Царевич прочел надпись в солнечном кругу:
...Солнце позна запад свой, и бысть нощь.
И слова эти отозвались в душе его пророчеством: древнее солнце московского царства познало запад свой в темном чухонском болоте, в гнилой осенней слякоти – и бысть нощь – не черная, а белая страшная петербургская ночь. Древнее солнце померкло. Древнее золото, венец и бармы Мономаха почернели от нового смрадного духа. И стала мерзость запустения на месте святом.
Как будто спасаясь от невидимой погони, он бежал из дворца, без оглядки, по ходам, переходам и лестницам, так что о. Иван на своих старых ногах едва поспевал за ним. Только на площади, под открытым небом, царевич остановился и вздохнул свободнее. Здесь осенний воздух был чист и холоден. И чистыми, и новыми казались древние белые камни соборов.
В углу, у самой стены Благовещения, при церкви придела св. великомученика Георгия, под кельями, где жил о. Иван, была низенькая лавочка, вроде завалинки; на ней он часто сиживал, грея старые кости на солнце.
Царевич опустился в изнеможении на эту лавочку. Старик пошел домой, чтоб позаботиться о ночлеге. Царевич остался один.
Он чувствовал себя усталым, как будто прошел тысячи верст. Хотелось плакать, но не было слез; сердце горело, и слезы сохли на нем, как вода на раскаленном камне.
Тихий свет вечерний теплился, как свет лампады, на белых стенах. Золотые соборные главы рдели как жар. Небо лиловело, темнело; цвет его подобен был цвету увядающей фиалки. И белые башни казались исполинскими цветами с огненными венчиками.
Раздался бой часов, сначала на Спасских, Тайницких, Ризположенских воротах, потом на разных других, близких и далеких башнях. В чутком воздухе дрожали медленные волны протяжного гула и звона, как будто часы перекликались, переговаривались о тайнах прошлого и будущего. Старинные – били «перечасным боем» множества малых колоколов, подзванивавших «в подголос» большому боевому колоколу, с охрипшею, но все еще торжественною, церковною музыкой; а новые голландские отвечали им болтливыми курантами и модными танцами, «против манира, каковы в Амстердаме». И все эти древние и новые звуки напоминали царевичу дальнее-дальнее детство.
Он смежил глаза, и душа его погрузилась в полузабытье, в ту темную область между сном и явью, где обитают тени прошлого. Как пестрые тени проходят по белой стене, как солнечный луч проникает сквозь щель в темную комнату, проходили перед ним воспоминания – виденья. И над всеми царил один ужасающий образ – отец. И как путник, озираясь ночью с высоты, при блеске молнии, вдруг видит весь пройденный путь, так он, при страшном блеске этого образа, видел всю свою жизнь.

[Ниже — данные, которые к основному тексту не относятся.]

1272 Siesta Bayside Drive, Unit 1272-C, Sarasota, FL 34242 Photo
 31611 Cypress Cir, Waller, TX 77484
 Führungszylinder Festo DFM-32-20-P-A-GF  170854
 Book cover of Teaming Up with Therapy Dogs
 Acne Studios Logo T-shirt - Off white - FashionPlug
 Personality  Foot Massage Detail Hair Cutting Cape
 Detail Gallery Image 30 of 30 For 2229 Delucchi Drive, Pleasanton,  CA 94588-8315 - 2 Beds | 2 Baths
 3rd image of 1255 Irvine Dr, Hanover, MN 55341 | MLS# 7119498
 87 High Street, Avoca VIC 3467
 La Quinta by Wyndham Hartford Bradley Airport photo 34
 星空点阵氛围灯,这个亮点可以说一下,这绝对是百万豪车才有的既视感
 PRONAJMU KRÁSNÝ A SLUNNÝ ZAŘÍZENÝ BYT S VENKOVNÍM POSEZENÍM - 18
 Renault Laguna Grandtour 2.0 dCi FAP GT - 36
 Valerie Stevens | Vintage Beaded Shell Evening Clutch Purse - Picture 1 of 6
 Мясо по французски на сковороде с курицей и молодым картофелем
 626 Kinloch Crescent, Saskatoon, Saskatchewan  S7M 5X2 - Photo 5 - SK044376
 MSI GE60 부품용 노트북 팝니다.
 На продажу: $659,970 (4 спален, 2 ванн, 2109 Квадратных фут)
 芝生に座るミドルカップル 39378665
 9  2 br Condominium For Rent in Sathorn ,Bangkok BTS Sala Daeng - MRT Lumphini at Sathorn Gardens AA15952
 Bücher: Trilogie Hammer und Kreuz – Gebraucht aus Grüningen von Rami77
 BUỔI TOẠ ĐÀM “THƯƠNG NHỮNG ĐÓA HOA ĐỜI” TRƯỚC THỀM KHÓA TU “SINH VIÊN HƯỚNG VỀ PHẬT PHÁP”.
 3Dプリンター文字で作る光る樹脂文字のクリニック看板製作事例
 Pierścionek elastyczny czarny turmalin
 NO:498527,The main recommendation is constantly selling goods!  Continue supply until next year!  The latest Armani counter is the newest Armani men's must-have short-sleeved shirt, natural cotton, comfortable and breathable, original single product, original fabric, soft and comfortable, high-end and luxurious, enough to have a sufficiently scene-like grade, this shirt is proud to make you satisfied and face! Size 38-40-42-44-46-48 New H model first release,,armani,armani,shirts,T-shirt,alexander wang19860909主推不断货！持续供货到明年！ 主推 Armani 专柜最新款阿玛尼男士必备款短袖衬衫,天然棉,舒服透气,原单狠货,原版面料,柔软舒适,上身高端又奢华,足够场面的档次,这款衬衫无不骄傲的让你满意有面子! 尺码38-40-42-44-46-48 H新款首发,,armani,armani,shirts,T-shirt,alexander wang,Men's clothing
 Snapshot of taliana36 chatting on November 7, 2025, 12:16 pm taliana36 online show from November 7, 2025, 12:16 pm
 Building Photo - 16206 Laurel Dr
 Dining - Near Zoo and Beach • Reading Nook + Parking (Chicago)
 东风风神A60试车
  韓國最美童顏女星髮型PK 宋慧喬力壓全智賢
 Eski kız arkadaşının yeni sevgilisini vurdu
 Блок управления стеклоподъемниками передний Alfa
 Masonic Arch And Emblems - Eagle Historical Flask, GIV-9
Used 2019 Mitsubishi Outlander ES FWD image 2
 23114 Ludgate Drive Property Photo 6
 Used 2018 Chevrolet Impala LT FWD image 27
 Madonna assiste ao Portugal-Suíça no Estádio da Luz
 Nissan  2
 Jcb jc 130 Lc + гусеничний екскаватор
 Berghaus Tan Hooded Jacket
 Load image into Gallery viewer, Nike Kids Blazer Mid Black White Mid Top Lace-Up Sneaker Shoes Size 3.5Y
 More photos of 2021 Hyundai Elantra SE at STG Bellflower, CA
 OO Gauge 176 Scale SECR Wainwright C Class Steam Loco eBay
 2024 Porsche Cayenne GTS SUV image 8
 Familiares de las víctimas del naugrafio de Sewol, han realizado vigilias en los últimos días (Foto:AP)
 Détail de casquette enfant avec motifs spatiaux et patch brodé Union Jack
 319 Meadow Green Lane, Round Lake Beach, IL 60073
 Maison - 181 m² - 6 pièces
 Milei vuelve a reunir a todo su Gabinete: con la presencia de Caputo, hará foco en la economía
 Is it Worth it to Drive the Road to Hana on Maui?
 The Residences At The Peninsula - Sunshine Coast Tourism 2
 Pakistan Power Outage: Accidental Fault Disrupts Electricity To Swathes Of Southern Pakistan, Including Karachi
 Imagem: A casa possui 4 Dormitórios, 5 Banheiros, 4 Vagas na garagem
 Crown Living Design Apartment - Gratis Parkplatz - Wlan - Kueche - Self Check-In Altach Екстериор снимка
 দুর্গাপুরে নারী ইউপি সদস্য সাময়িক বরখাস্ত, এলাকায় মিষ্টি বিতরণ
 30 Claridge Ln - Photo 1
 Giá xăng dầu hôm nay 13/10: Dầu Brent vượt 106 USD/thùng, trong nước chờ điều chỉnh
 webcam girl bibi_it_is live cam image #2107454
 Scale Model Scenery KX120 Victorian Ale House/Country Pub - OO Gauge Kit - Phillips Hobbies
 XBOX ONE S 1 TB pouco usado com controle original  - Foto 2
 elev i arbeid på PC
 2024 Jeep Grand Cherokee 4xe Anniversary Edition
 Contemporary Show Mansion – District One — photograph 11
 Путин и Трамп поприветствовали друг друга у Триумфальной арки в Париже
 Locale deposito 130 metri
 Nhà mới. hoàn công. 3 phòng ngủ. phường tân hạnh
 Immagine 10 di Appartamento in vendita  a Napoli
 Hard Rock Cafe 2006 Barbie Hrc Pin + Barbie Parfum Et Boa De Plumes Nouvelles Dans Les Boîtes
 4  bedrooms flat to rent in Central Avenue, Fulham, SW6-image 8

Ему шесть лет. В старинной царской колымаге «на рыдванную стать», раззолоченной, но неуклюжей и тряской, как простая телега, внутри обитой гвоздишным бархатом, со слюдяными затворами и тафтяными завесами, он сидит на руках бабушки, среди пуховых подушек и пухлых, как подушки, постельниц и мам. Тут же мать его, царица Авдотья. В подубруснике с жемчужными ряснами – у нее круглое, белое, всегда удивленное лицо, совсем как у маленькой девочки.
Он глядит сквозь занавеску в открытое оконце колымаги на триумфальное шествие войск по случаю Азовского похода. Ему нравится однообразная стройность полков, блестящие на солнце медные пушки и грубо намалеванные на щитах аллегории: два скованные турка и надписью:
Ах! Азов мы потеряли
И тем бедств себе достали.
И в море синем, как синька, красный голый человек, «слывущий бог морской Нептунус» – на чешуйчатом зеленом звере Китоврасе, с острогой в руках: Се, и аз поздравляю взятием Азова и вам покоряюсь. Великолепным кажется ему в наряде римского воина ученый немец Виниус, гласящий российские вирши с высоты триумфальных ворот в полуторасаженную трубу.
В строю, рядом с простыми солдатами, идет Преображенской роты бомбардир, в темно-зеленом кафтане с красными отворотами и в треугольной шляпе. Он ростом выше всех, так что виден издали. Алеша знает, что это отец. Но лицо у него такое юное, почти детское, что он кажется Алеше не отцом, а старшим братом, милым товарищем, таким же маленьким мальчиком, как он. Душно в старой колымаге, среди пуховых подушек и пухлых, как подушки, нянюшек-мамушек. Хочется на волю и солнце, к этому веселому кудрявому быстроглазому мальчику.
Отец увидел сына. Они улыбались друг другу, и сердце Алеши забилось от радости. Царь подходит к дверям колымаги, открывает их, почти насильно берет сына из рук бабушки – мамы так и взахались – нежно, нежнее матери, обнимает, целует его; потом, высоко подняв на руках, показывает войску, народу, и, посадив к себе на плечо, несет над полками. Сначала вблизи, потом все дальше и дальше, над морем голов, раздается, подобный веселому грому, тысячеголосый крик:
– Виват! Виват! Виват! Здравствуй, царь с царевичем!
Алеша чувствует, что все на него смотрят и любят его. Ему страшно и весело. Он крепко держится за шею отца, прижимается к нему доверчиво, и тот несет его бережно – небось, не уронит. И кажется ему, что все движения отца – его собственные движения, вся сила отца – его собственная сила, что он и отец – одно. Ему хочется смеяться и плакать – так радостны крики народа и грохот пушек, и звон колоколов, и золотые главы соборов, и голубое небо, и вольный ветер, и солнце. Голова кружится, захватывает дух – и он летит, летит прямо в небо, к солнцу.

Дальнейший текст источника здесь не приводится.